Такой Бог лишает человека всякого человеческого достоинства, низводит на степень животного, ставит в самые унизительные положения человеческую душу и тело.
«Все это ужасно просто, гадко, – думает князь Андрей перед Аустерлицким сражением. – Отечество, погибель Москвы! А завтра меня убьет и не француз даже, а свой, как вчера разрядил солдат ружье около моего уха, и придут французы, возьмут меня за ноги и за голову и швырнут в яму, чтобы я не вонял им под носом, и сложатся новые условия жизни, которые будут также привычны для других, и я не буду знать про них, и меня не будет». «Меня не будет» – вот крик только животного себялюбия перед смертью, крик только обнаженного человеческого тела, даже не тела, а «мяса». И «дальше и кроме этого ничего не было». Тут глухая стена. Душа молчит под бременем тела. Чтобы пробить эту стену, чтобы что-нибудь «было дальше», должно совершиться нечто новое не в душе, подавленной телом, а в самом теле. И оно совершается.

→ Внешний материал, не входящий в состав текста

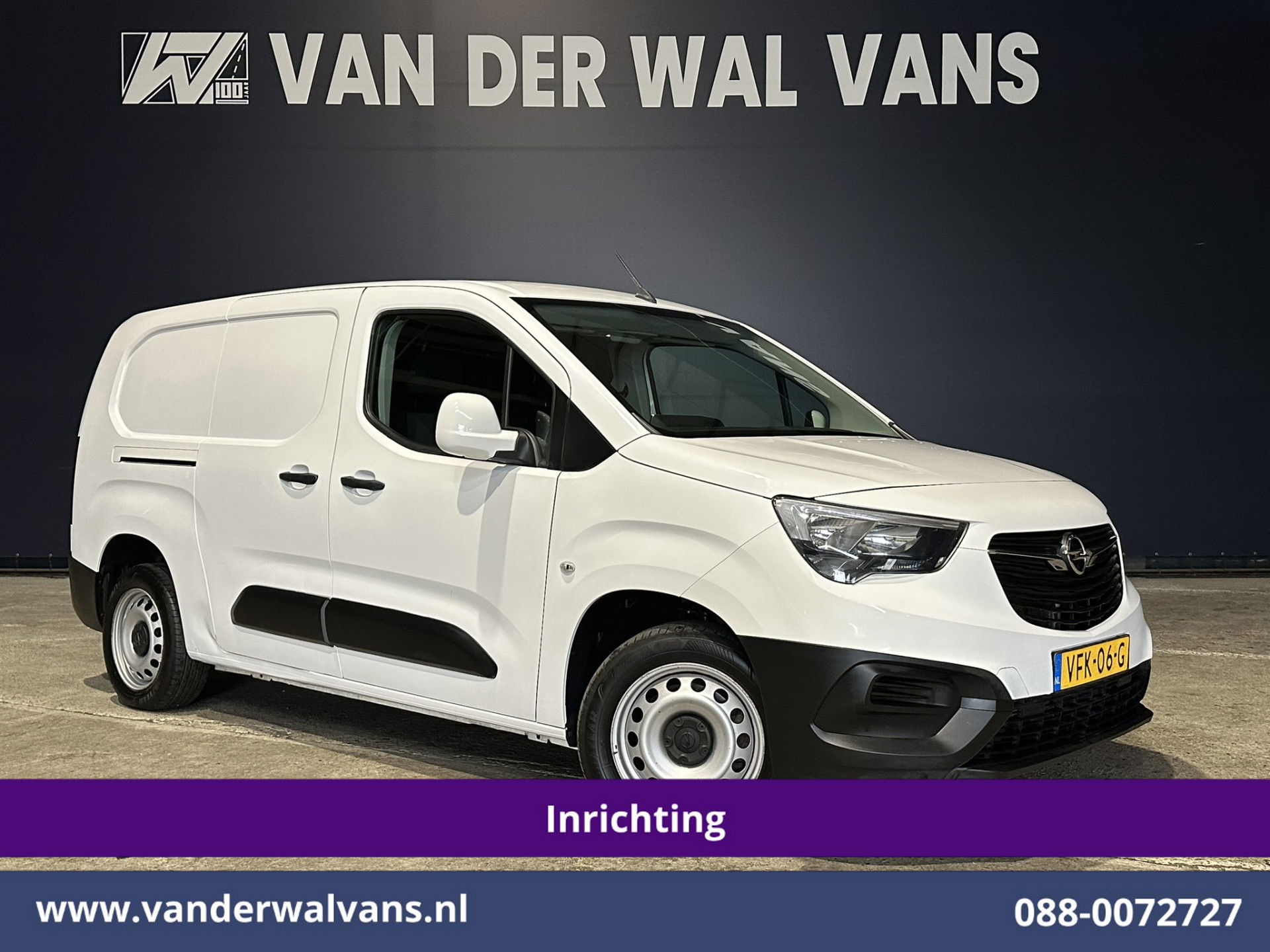 Foto van Opel Combo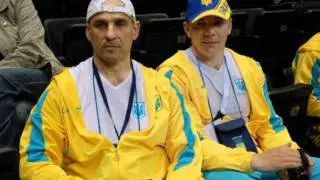 Open european championship  of kettlebell lefting in 2011  20-22  05 Shauliay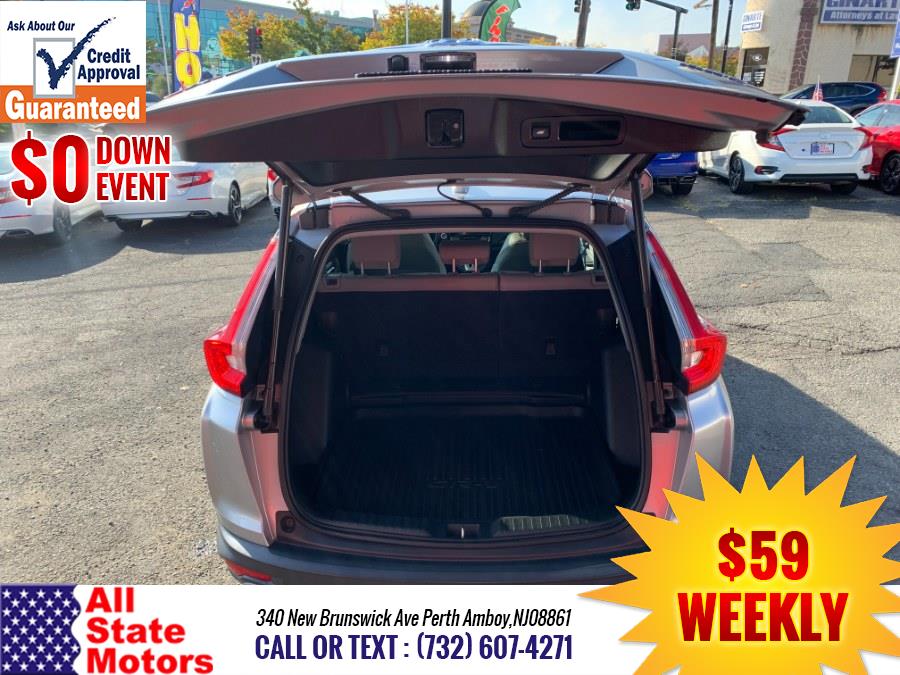 2018 Honda CR-V EX-L AWD w/Navi, available for sale in Perth Amboy, New Jersey | All State Motor Inc. Perth Amboy, New Jersey 2018 Honda CR-V EX-L AWD w/Navi, available for sale in Perth Amboy, New Jersey | All State Motor Inc. Perth Amboy, New Jersey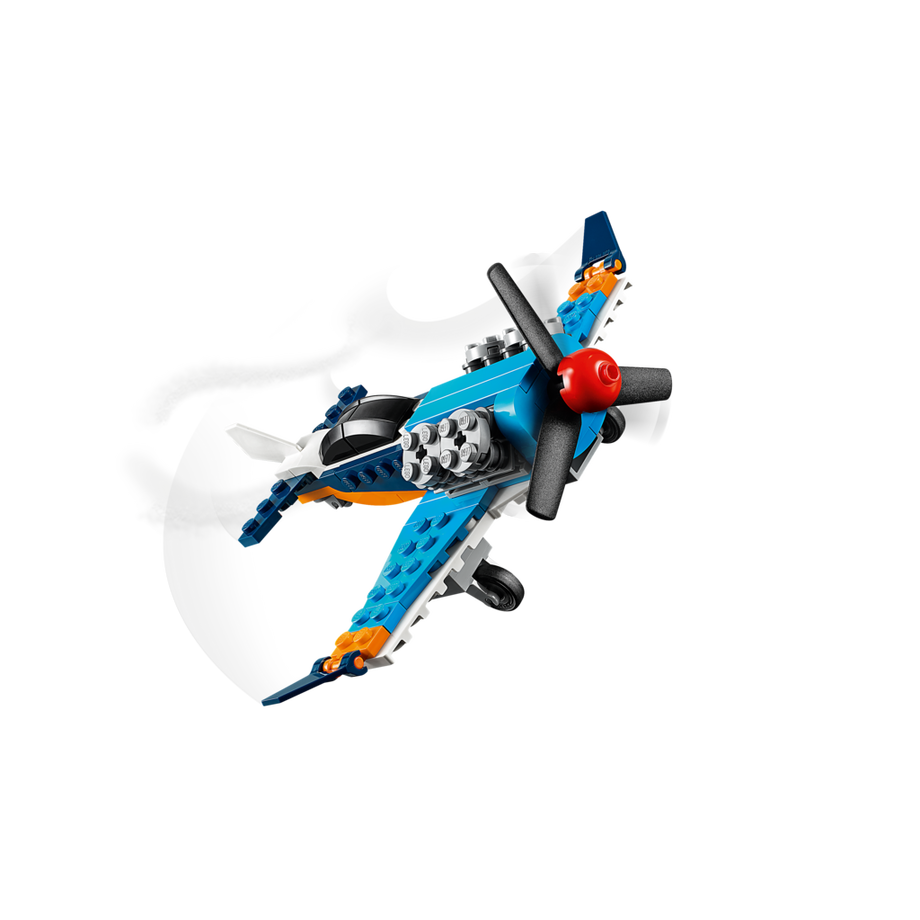 LEGO®  31099 L'avion à hélice 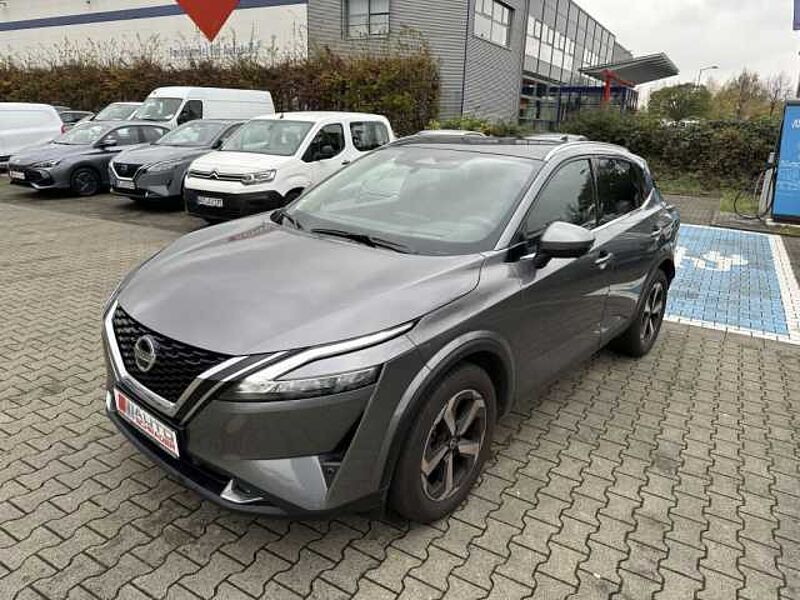 Nissan Qashqai 1.3 DIG-T MHEV N-Connecta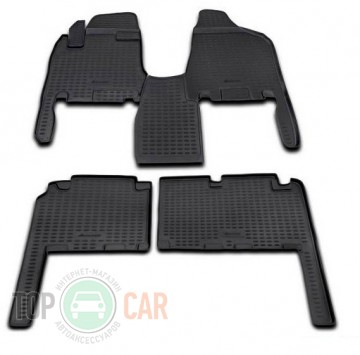 Novline ������ ������� � ����� KIA Carnival ���� 2006-2013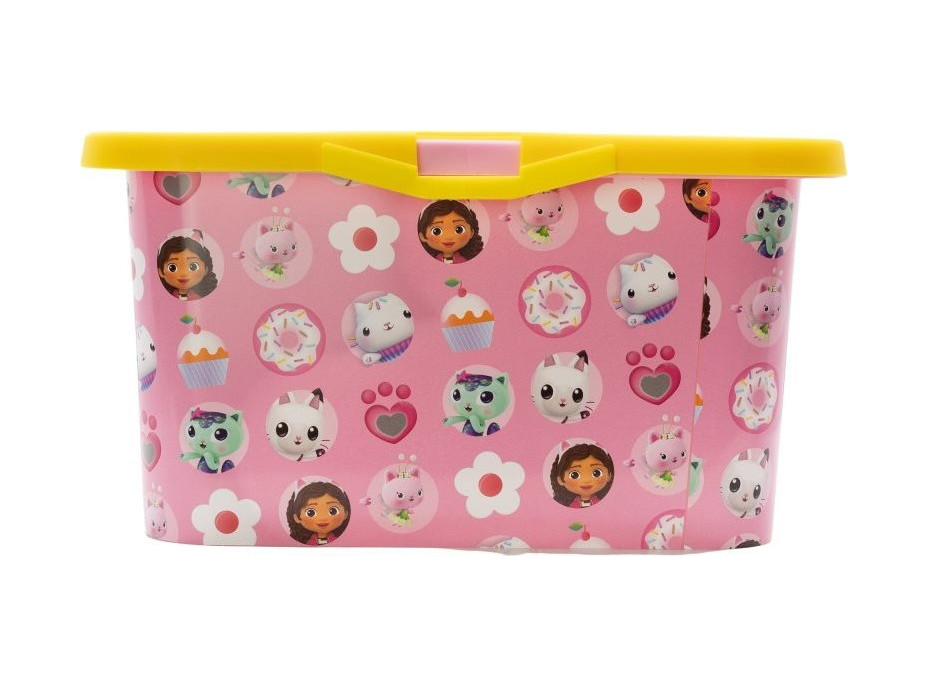 STOR Úložný box 13l Gábinin kouzelný domek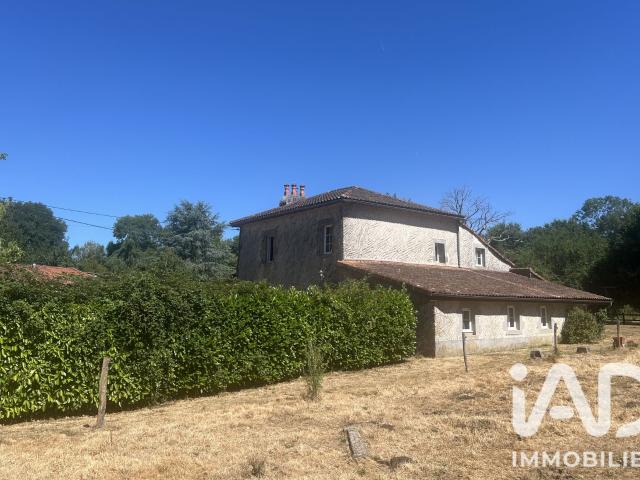 La Forêt sur Sèvre Vente Maison 79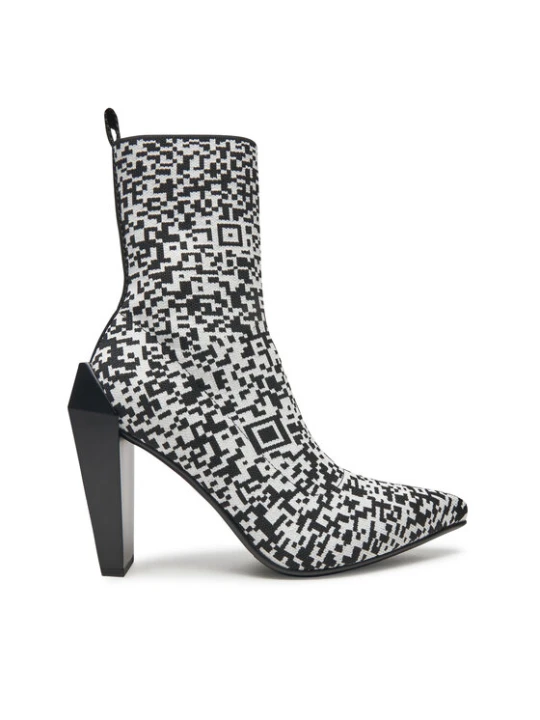 Zdjęcie produktu Botki United Nude Gem Sock Hi 10876844117 Kolorowy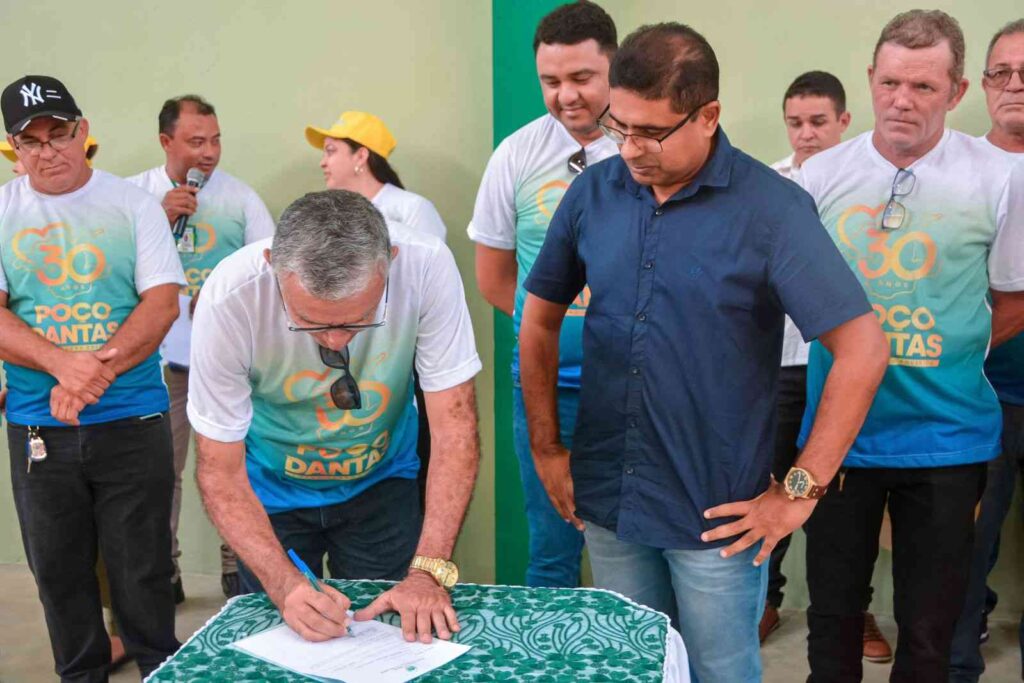 Prefeitura Municipal de Poço Dantas inicia comemoração dos 30 anos de Emancipação Política 17 14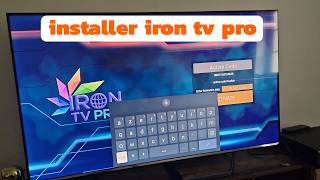IRON TV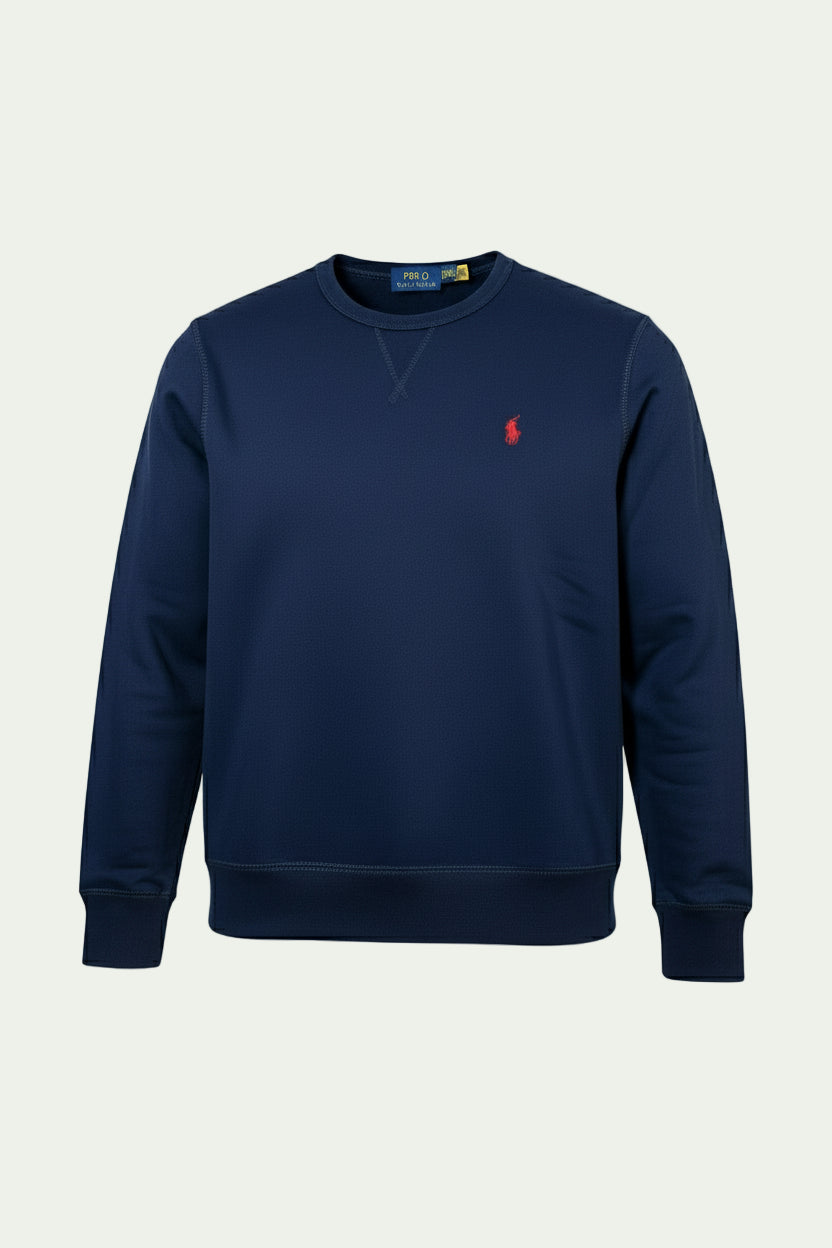 Polo Ralph Lauren – Donkerblauwe Sweater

Перед смертью Брехунов, навалившись на замерзающего Никиту, покрывает и согревает его всем своим телом. «Лежи, грейся, мы вот как, – начал было он; но дальше, к своему великому удивлению, не мог говорить, потому что слезы ему выступили на глаза, и нижняя челюсть быстро запрыгала. Он перестал говорить и только глотал то, что подступало ему к горлу. «Настращался я, видно, ослаб вовсе», – подумал он на себя. Но слабость эта не только не была ему неприятна, но доставляла ему какую-то особенную, не испытанную еще никогда радость». Эта радость Брехунова, эти слезы и умиление от страха, от слабости, расслабленности, в глазах Л. Толстого есть начало христианской любви. Все его герои, обращающиеся в христианство, испытывают эту «приятную слабость». Князь Андрей, в палатке для раненых, когда хирург с ножом подходит к нему и сердито кричит на фельдшеров: «Раздеть! Что стоите?» – так же точно, как Брехунов, «настращался и ослаб вовсе». «Самое первое, далекое детство вспомнилось князю Андрею, когда фельдшер торопившимися засученными руками расстегивал ему пуговицы и снимал с него платье». И, очнувшись после перевязки, чувствует он «блаженство, давно не испытанное им. Все лучшие, счастливейшие минуты в его жизни, в особенности самое дальнее детство, когда его раздевали и клали на кроватку, когда няня, убаюкивая, пела над ним, когда, зарывшись головой в подушки, он чувствовал себя счастливым одним сознанием, жизни, – представлялись его воображению, даже не как прошедшее, а как действительность». Он видит на соседнем столе злейшего врага своего, красавца Анатоля, которому только что отрезали ногу, – окровавленного, рыдающего, и чувствует к нему такую же «восторженную жалость», как Брехунов к Никите. «Князь Андрей не мог удерживаться более и заплакал нежными, любовными слезами над людьми, над собой. Сострадание, любовь к братьям, любовь к врагам, да, та любовь, которую проповедывал Бог на земле, вот отчего мне жалко было жизни, вот оно то, что еще оставалось мне, если бы я был жив».
Иван Ильич, прокричав три дня «на у», в конце третьего дня, за два часа до смерти, «вдруг затих, прислушиваясь. Тут он почувствовал, что руку его целует кто-то». Он увидел сына и жену. Ему стало жалко их. «Он указал жене взглядом на сына и сказал: „уведи… жалко… И тебя…“ Он хотел сказать еще „прости“, но сказал „пропусти“, и, не в силах уже будучи поправиться, махнул рукою, зная, что поймет тот, кому надо. – И вдруг ему стало ясно, что то, что томило его и не выходило, что вдруг все выходит, сразу и с двух сторон, с десяти сторон, со всех сторон». В это-то мгновение и засиял в конце «черной дыры» «свет», свет христианского, будто бы, «воскресения».
Сын князя Андрея, Николенька Болконский, в вещем сне об отце испытывает смутное чувство, из которого впоследствии вырастет у нею религиозное сознание: видя отца, который «ласкал и жалел его, Николенька почувствовал слабость любви: он почувствовал себя бессильным, бескостным и жидким». «Все в нем вдруг размягчилось», как выражается Достоевский о кающемся Раскольникове.